Some months after the 1977 launch of the spacecraft, Saturday Night Live did a sketch reporting that an alien culture had intercepted the ships and replied. The message? “Send more Chuck Berry.”
Such a reaction, should it ever really come, seems completely plausible. For that’s been the response of the millions of earthbound creatures who have had the pleasure of hearing Berry’s hits—not just “Johnny B. Goode,” but also “Maybellene,” “Roll Over Beethoven,” “School Day,” “Rock & Roll Music,” “Sweet Little Sixteen,” and so many others.
“If you tried to give rock ’n’ roll another name,” John Lennon famously said, “you might call it ‘Chuck Berry.’”
If such praise seems extravagant in an era of popular music that seems particularly disconnected from its rock ’n’ roll roots, it once was self-evident. Rare was the garage band that didn’t cut its teeth on Chuck Berry songs.
The Beatles recorded some of them, while the Rolling Stones’ Keith Richards wrote in his autobiography, Life, “I could never overstress how important he was in my development. It still fascinates me how this one guy could come up with so many songs and sling it so gracefully and elegantly.” Perhaps rock ’n’ roll’s center has given way too much for it to have any one unifying factor at this late date. But for as long as it was possible, Chuck Berry songs were rock ’n’ roll’s undisputed lingua franca.
There were reasons for this: with his “motorvatin’” rhythms and clarion guitar, Berry married blues and R&B with country music in ways seldom heard before; his records crossed over from R&B to pop charts and his shows—as well as his own Club Bandstand venue in St. Louis—challenged the rule of segregation in the separate-and-unequal days of the 1950s.

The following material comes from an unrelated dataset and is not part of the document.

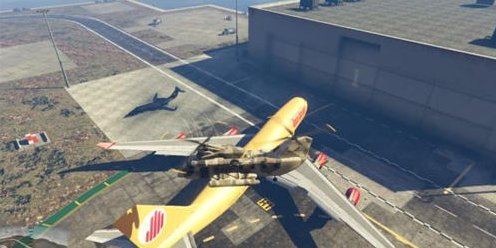 gta5飞机在哪里找 gta5飞机位置推荐截图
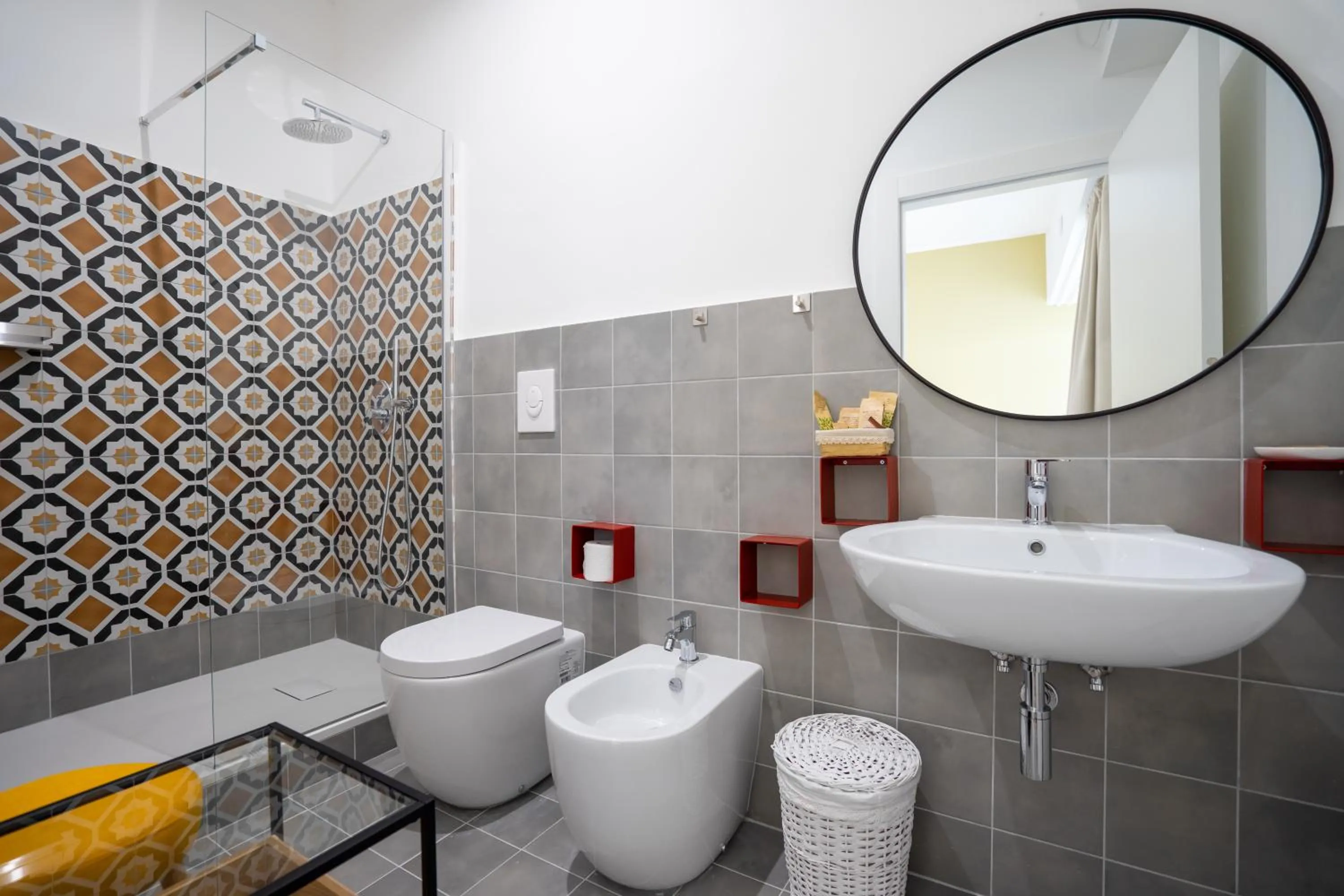 Bathroom in Borgo dei Saraceni - Flower Home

Then there were Berry’s lyrics, which were far more advanced than the simple rhymes of most early rock ’n’ roll songs. Berry told stories, like “School Day,” which chronicles the quotidian concerns of a typical teenager; he tweaked the noses of high society with “Roll Over Beethoven,” in which rock ’n’ roll leaves the great composer spinning in his grave; and he decorated various songs with surprisingly poetic images, from the “hurry home drops” in the eyes of little girl Marie in “Memphis” to the “coffee-colored Cadillac” that appears in “Nadine.”
Berry’s aim was seldom political. He always had an eye on the bottom line, of “whatever would sell,” as he wrote in his 1987 autobiography. But that didn’t stop him from writing and recording “Brown Eyed Handsome Man,” a song of racial pride that was coded cleverly enough to pass muster.
His life has been checkered with mistakes, lapses of judgment, and transgressions against the law and against others that have been covered elsewhere ad nauseam. Some—but certainly not all—have forgiven and forgotten them. For his part, Berry seems mellower in his old age and perhaps a little less suspicious of a world that has sometimes dealt him a harsh hand. He is a flawed man, no doubt; but his genius remains unassailable.
It took a long time, but it seems like St. Louis is saying “Hail! Hail!” to Chuck Berry at last.